Annals of Computer Science and Information Systems, Volume 8

Proceedings of the 2016 Federated Conference on Computer Science and Information Systems

Exploration for Polish-* bi-lingual translation equivalents from comparable and quasi-comparable corpora.

DOI: http://dx.doi.org/10.15439/2016F304

Citation: Proceedings of the 2016 Federated Conference on Computer Science and Information Systems, M. Ganzha, L. Maciaszek, M. Paprzycki (eds). ACSIS, Vol. 8, pages 517525 ()

Abstract. - In contemporary world, translation becomes a critical need of the time. Parallel dictionaries have now become a most accessible source by humans, but confines are there as they do not offer good quality translation function, because of neologisms and words that are out of vocabulary.
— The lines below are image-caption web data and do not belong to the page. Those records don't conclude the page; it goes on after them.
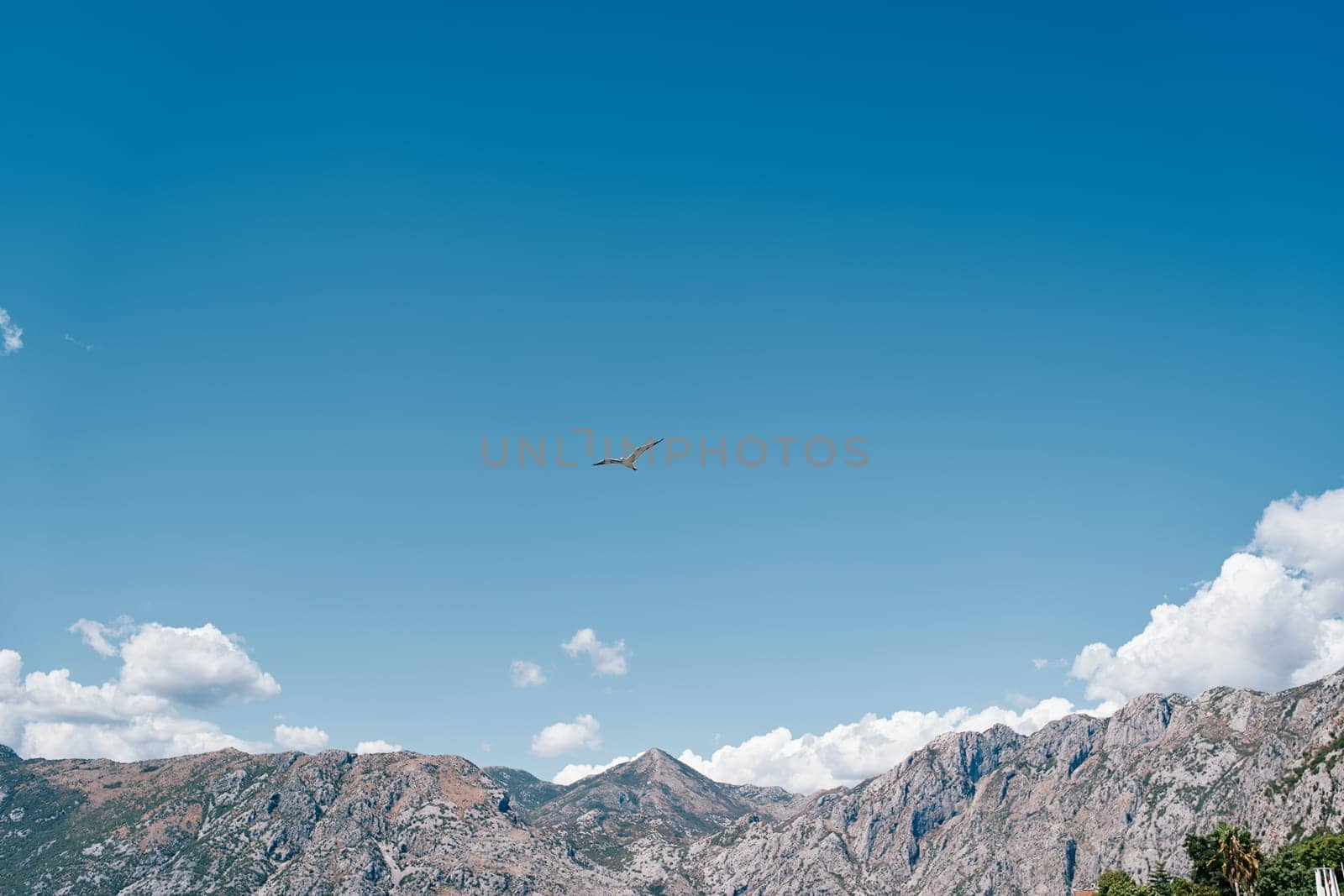 Albatross soars in the blue sky against the backdrop of a high mountain range by Nadtochiy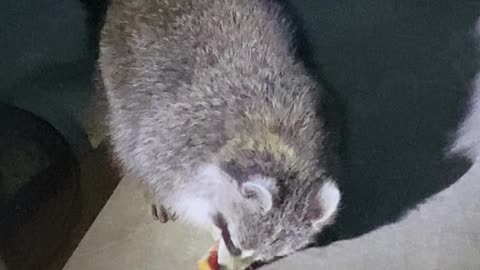 Peanut Butter and Jam Raccoon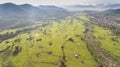 Paddy Fields Royalty Free Stock Photo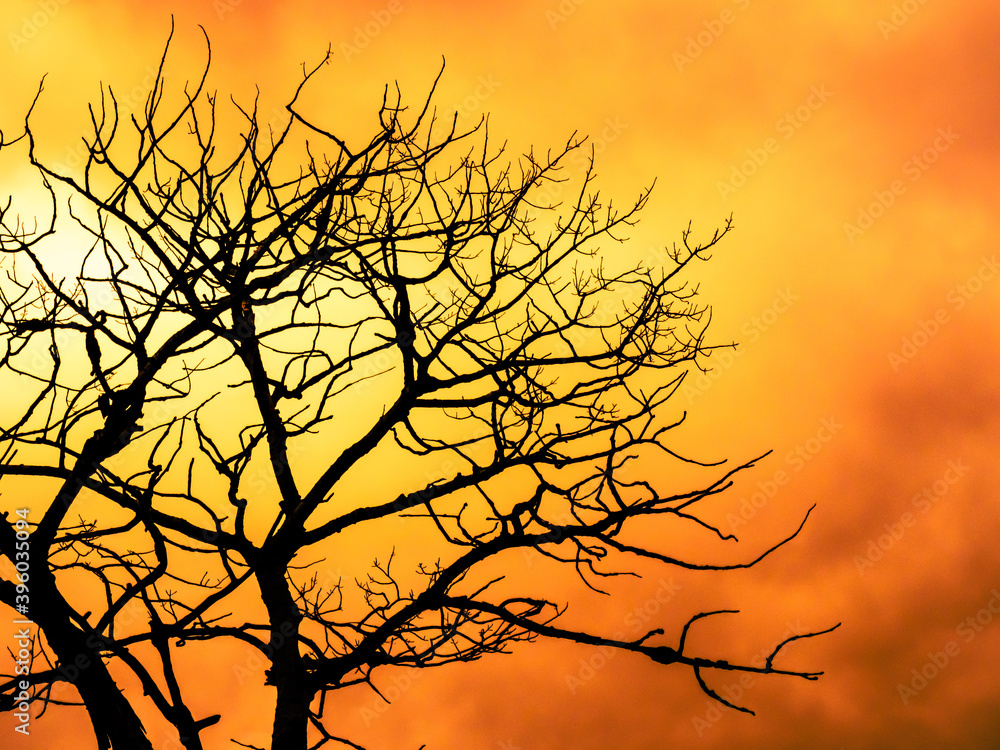 A tree with a surreal orange cloudy sky.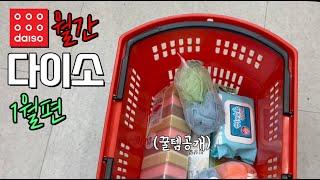 월간다이소 1월편3만원장보기/나만의 꿀템공개취미= 다이소쇼핑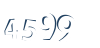 Input this protected code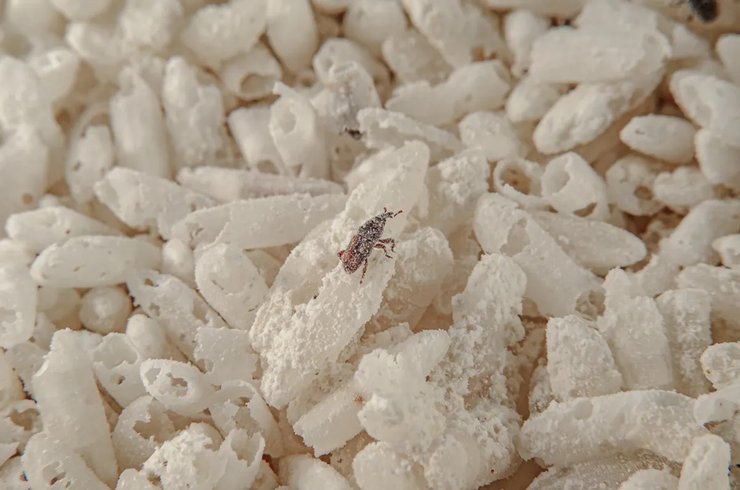 рис, рисовые долгоносики, рис вредители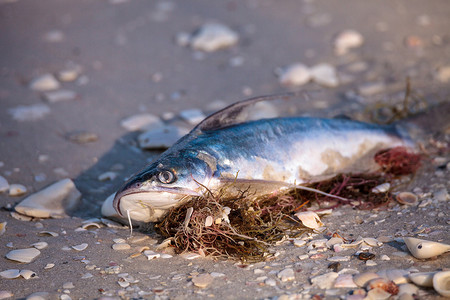 诺威摄影照片_赤潮导致鱼类被冲上岸死亡
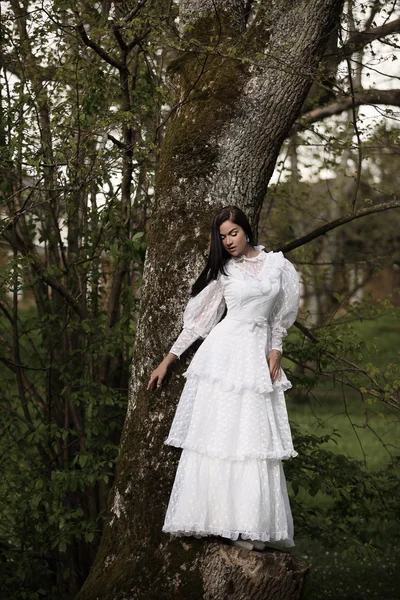 林木的复古白色新娘婚纱礼服 — 图库照片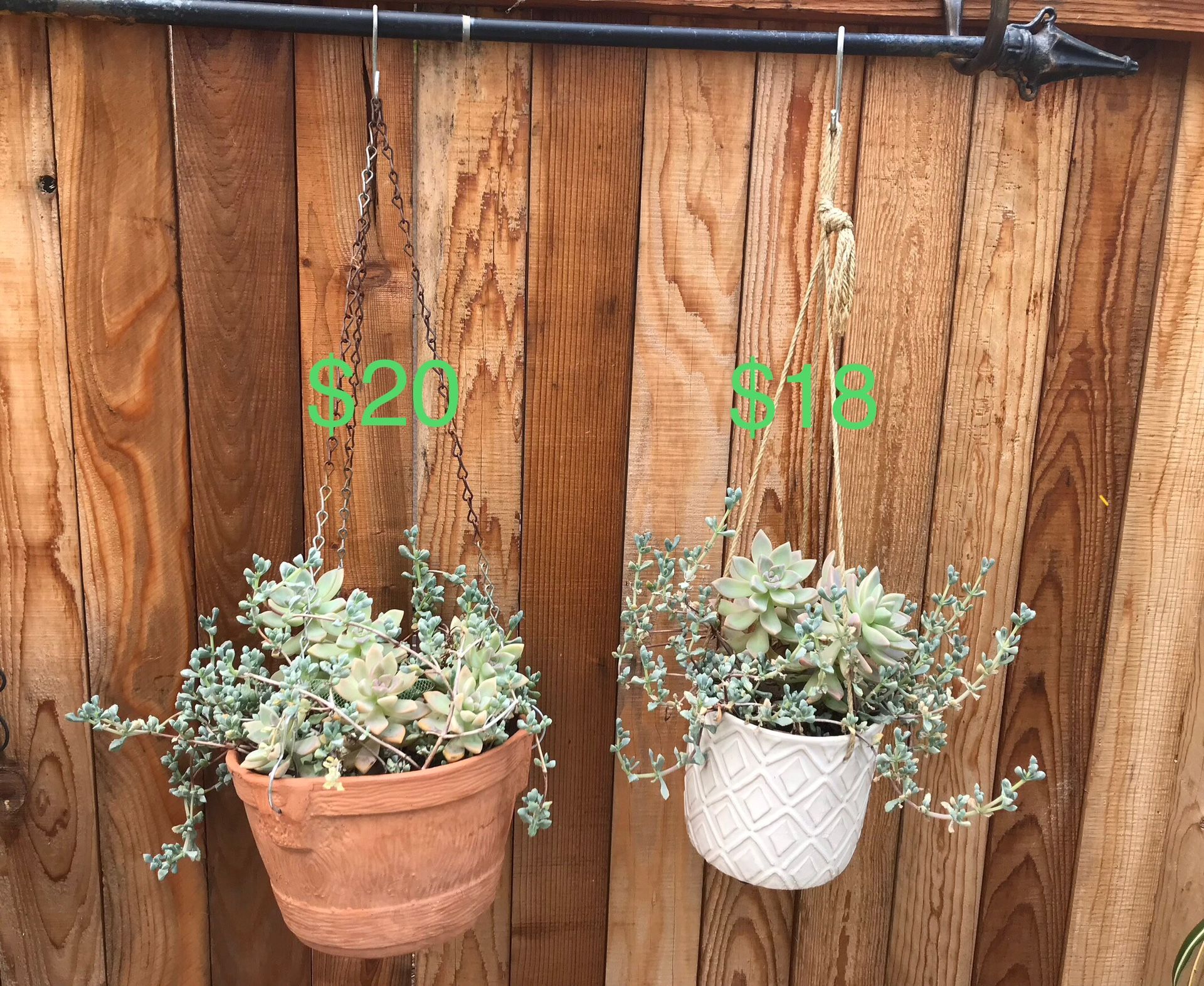 2 hanging planters with ghost plants & succulents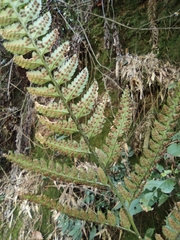 Arachniodes chinensis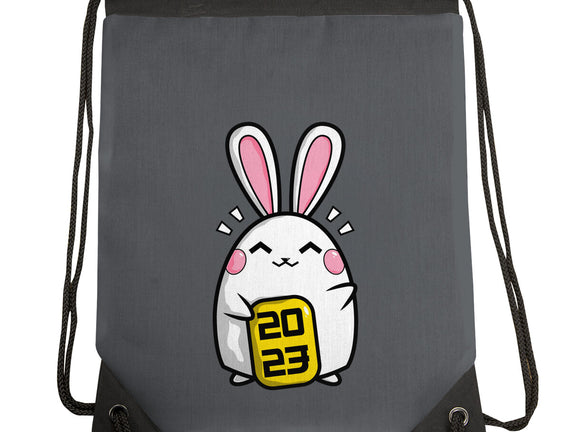 Lucky Bunny 2023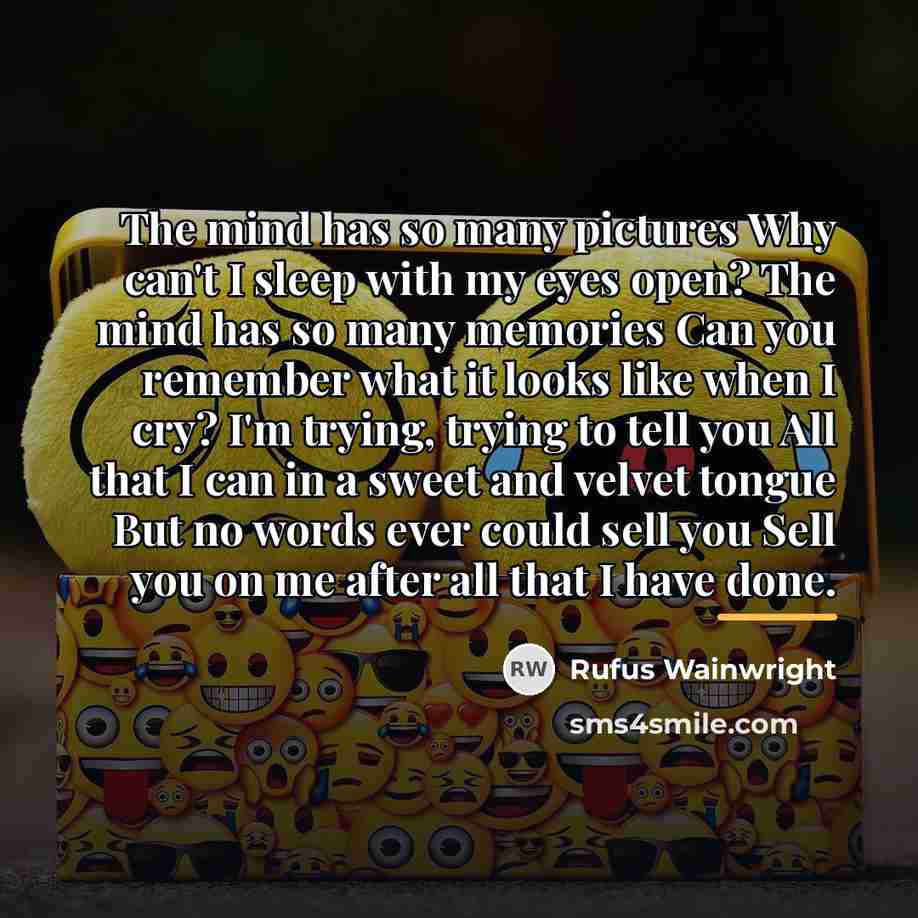 “The mind has so many pictures Why can't I sleep…” quote by Rufus Wainwright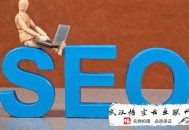 黑帽seo最穩定的方式:[干貨分享]慈溪SEO署理淺談收錄問題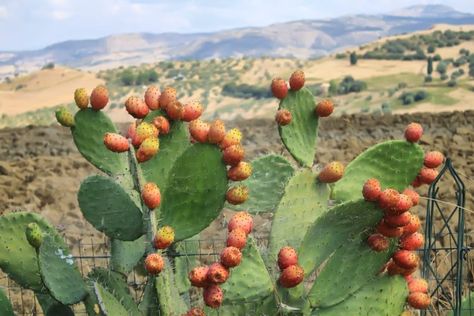 Edible Cactus Plants, How To Plant Prickly Pear Cactus, Edible Cactus, Prickly Pear Cactus Landscape, Eastern Prickly Pear Cactus, Types Of Cactus, Cactus Recipe, Prickly Pear Cactus Flower, Cactus Pears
To overcome this problem in the usage of statistical translation systems is becoming more and more important in maintaining the eminence and quantity of the training data. But due to the limitations in these systems they have very limited availability for few languages and very limited narrow text areas. The purpose of this research is to bring calculation time up gradation via GPU acceleration, tuning script introduction and the enhancement and improvements in the methodologies of the contemporary comparable corpora mining through re-implementation of analogous algorithms through Needleman-Wunch algorithm. Experiments have been conducted on multiple language data which were extracted on numerous domains from Wikipedia. For the sake of Wikipedia, multiple cross-lingual contrasts and comparison were established. Optimistic impact on the both quantity and quality of mined data was observed due to such changes and adaptation. The solution is language independent and highly practical especially for under-resourced languages.